No Polish content could be found in two concerts at the National Library, S. Dembe Auditorium – by the Arditti String Quartet (music by Ivan Fedele, John Cage’s String quartet in Four Parts, as well as ultra-complex pieces by György Kurtág (Hungary) and James Dillon (England). In some of the pieces the Neue Vocalsolisten from Stuttgart accompanied the Quartet. Their roles reversed in the next concert held in the same auditorium, where again a Neuwirth work appeared, in the worthy company of music by Manuel Hidalgo (an excellent exploration of two voices and clapping hands, Cuatro Citas de Juan Goytisolo), Michaël Lévinas and Hilda Paredes. After a marathon of 4 hours of music for strings and voices I decided that this combination does not work as well as other, more contrasting timbral juxtapositions – both voices and violins use vibrato, both have sustained, rich timbres, yet they did not seem to mesh very well in any of the pieces heard on these concert programs.

The final group of composers presented in Warsaw included three names from the younger generation: Hanna Kulenty, Jerzy Kornowicz, and Pawel Mykietyn. Of these three, Mykietyn, has already been recognized as one of the most interesting “voices” in Polish new music. The weekly Polityka awarded him the Polityka’s Passport – i.e. a passport to a great future as a composer. His brand of ironic postmodernism owes much to inspirations by the music of Górecki, Andriessen and, especially, Paweł Szymański (but little to the influence of his composition teacher in Warsaw, Włodzimierz Kotoński). Mykietyn’s Shakespeare’s Sonnets for male soprano and piano, performed a day later than programmed, on Friday night concert, was a confirmation of his great talent. The voice part was flexible, with a full range of sonorities, from speaking, through singing in unusual registers. The capricious phrasing reminded me of the vocal writing of Pascal Dusapin; yet the emotional impact of this music was much heavier, more dramatic. While following the twists and turns of the melody, and the idiosyncrasies of the piano part, I could not help thinking of the late Baroque mannerist art, with its sophistication, strong emotional contrasts, and an over-emphasis on decorative contours.

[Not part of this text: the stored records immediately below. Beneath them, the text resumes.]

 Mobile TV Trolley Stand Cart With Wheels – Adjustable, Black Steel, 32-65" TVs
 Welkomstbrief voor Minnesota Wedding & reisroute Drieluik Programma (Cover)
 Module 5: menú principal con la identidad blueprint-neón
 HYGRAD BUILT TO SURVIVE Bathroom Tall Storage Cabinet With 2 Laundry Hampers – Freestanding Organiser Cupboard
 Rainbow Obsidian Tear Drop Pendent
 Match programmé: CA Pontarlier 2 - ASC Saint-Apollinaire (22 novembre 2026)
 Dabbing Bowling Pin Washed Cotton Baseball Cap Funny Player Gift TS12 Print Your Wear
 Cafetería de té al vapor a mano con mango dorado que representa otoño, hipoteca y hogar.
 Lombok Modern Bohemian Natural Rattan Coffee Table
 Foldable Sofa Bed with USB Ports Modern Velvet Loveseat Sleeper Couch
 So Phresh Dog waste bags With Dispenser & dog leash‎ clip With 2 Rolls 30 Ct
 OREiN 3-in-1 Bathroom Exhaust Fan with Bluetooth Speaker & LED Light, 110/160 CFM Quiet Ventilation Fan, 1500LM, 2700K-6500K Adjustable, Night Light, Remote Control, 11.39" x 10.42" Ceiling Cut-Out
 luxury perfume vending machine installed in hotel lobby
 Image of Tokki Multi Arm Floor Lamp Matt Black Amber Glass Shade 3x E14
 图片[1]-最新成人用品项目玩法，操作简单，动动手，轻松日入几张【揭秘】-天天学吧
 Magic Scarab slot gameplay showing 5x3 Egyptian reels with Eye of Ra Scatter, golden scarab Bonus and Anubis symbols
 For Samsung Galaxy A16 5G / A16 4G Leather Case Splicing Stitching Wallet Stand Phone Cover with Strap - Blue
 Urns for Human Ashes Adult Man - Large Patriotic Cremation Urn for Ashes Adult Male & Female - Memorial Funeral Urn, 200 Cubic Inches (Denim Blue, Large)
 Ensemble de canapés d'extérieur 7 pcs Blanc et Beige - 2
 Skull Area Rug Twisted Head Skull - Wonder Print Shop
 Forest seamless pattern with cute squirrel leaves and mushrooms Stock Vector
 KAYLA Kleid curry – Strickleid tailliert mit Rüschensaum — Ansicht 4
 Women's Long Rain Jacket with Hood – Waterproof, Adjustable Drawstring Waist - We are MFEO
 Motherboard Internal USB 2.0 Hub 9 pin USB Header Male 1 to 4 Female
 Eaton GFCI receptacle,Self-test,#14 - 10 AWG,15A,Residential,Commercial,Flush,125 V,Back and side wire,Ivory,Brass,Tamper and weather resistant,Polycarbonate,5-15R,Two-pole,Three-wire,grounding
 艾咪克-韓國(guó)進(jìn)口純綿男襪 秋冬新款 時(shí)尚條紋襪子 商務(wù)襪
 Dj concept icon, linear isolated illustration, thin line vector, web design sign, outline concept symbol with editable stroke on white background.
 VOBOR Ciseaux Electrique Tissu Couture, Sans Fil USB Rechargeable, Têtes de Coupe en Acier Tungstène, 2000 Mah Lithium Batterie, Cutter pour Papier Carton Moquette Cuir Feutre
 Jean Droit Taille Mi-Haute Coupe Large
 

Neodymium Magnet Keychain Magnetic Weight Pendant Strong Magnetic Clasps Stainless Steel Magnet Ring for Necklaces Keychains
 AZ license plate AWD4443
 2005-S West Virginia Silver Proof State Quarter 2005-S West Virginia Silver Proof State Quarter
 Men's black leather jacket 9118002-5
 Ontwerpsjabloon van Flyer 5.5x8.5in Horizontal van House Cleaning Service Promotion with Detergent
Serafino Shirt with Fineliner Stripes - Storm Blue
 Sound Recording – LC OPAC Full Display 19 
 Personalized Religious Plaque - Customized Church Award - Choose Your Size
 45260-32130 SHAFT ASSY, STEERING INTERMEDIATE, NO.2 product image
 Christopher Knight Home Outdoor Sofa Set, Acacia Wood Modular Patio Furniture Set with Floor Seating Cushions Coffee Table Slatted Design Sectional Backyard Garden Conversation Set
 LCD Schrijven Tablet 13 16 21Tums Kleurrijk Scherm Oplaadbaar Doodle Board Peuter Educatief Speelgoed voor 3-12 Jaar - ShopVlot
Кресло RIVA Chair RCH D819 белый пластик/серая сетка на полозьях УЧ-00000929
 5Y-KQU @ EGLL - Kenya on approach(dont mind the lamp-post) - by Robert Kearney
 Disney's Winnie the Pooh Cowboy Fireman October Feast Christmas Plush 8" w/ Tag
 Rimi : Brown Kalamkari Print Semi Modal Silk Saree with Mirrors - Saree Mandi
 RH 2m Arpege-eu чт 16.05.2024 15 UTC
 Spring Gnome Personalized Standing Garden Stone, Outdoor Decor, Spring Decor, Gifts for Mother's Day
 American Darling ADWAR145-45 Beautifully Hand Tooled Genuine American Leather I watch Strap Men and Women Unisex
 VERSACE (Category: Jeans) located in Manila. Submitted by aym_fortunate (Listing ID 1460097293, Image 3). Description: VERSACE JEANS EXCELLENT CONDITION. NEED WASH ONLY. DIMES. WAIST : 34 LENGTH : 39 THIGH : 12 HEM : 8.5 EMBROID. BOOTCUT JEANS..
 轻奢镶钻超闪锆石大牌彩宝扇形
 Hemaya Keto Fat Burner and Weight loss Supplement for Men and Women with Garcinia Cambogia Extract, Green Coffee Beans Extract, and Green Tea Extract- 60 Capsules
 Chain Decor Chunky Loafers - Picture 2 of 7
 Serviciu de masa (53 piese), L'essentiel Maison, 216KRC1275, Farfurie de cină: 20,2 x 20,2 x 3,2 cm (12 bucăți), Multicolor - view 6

Mykietyn’s work, added on as a “postscript” to an evening of harmonium and harpsichord pieces (22 September), was a culmination of a program filled with excellent pieces by the formerly “younger” and now “middle” generation of composers. Hanna Kulenty’s Harmonium written for the Dutch virtuoso of this strange instrument, expanded the image of the harmonium as an oversized accordion, with its strangely shifting “oom-pah” accompaniment figures and continuous, sinuous line of melodic figuration. The effect of shifting harmonies and “breathing” dynamics was strangely disconcerting; as if the instrument had a life of its own and took the unwitting performer on a drunk adventure through harmonic mists and mistakes. It is a pity that only such a lovely miniature was heard from the output that now includes several large scale works never played in Warsaw – starting from her 1996 opera, the Mother of Black-Winged Dreams premiered to a great critical acclaim at the Munich Festival by Hamburg Opera. Then, there is the Second Violin Concerto, the Third Symphony – it would be nice if Polish audiences would know the full scope of Kulenty’s talent. She now resides in Aarnhem, Holland – and was there the composer of the year in the 1999/2000 concert season.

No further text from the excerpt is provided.